Read the lines of the data below and retrieve those with "from".

Content starts

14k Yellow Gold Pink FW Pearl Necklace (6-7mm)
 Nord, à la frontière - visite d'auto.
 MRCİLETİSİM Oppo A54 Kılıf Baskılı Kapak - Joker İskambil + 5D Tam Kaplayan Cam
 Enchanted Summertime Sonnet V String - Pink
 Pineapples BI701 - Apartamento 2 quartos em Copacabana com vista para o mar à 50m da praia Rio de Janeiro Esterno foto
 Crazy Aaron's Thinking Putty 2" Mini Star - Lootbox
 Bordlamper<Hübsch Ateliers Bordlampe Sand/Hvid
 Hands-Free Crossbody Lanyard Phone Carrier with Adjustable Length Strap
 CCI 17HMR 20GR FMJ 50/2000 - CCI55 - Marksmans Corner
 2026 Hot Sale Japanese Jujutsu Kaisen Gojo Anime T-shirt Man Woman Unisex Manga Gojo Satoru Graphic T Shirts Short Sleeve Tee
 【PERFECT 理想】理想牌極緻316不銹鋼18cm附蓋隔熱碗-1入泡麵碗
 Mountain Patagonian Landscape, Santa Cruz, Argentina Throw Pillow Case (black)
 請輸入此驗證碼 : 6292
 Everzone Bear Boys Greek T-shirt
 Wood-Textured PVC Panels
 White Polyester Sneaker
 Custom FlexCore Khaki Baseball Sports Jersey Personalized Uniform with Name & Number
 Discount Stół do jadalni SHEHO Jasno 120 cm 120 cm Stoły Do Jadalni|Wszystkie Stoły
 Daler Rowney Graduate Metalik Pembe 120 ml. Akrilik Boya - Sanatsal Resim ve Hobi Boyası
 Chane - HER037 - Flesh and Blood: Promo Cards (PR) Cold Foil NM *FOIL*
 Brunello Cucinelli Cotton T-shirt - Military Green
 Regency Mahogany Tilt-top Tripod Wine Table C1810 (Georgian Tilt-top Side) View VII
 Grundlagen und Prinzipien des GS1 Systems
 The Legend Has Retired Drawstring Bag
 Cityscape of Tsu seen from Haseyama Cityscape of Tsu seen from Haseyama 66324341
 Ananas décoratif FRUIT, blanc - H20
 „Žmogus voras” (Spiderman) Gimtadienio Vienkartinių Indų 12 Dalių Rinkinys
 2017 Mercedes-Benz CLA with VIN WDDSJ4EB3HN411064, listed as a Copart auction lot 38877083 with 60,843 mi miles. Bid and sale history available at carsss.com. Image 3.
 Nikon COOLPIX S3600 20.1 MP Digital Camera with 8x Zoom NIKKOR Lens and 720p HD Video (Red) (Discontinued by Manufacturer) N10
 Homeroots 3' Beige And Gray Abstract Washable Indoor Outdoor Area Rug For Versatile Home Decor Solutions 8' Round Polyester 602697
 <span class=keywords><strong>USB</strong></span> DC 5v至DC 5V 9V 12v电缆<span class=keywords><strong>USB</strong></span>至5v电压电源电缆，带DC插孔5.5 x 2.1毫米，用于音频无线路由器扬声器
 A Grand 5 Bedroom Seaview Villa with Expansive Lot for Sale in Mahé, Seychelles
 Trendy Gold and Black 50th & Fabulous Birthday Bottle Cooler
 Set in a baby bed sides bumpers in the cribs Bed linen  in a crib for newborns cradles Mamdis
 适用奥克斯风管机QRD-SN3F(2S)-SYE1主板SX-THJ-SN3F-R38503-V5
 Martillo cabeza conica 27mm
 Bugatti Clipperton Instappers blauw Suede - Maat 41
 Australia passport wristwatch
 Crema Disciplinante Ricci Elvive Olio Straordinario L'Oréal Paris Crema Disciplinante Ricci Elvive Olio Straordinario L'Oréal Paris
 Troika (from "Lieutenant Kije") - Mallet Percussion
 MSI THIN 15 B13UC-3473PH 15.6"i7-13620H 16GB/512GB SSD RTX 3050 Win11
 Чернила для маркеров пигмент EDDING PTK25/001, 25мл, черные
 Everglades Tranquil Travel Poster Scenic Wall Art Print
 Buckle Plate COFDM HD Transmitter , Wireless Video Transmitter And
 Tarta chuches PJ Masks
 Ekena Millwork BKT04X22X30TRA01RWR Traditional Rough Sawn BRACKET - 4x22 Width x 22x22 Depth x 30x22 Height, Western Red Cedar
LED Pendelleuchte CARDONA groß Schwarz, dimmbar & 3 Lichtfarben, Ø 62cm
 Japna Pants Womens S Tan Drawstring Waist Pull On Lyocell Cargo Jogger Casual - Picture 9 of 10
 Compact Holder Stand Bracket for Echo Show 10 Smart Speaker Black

Content ends

Result of the task =
 Cityscape of Tsu seen from Haseyama Cityscape of Tsu seen from Haseyama 66324341
 Troika (from "Lieutenant Kije") - Mallet Percussion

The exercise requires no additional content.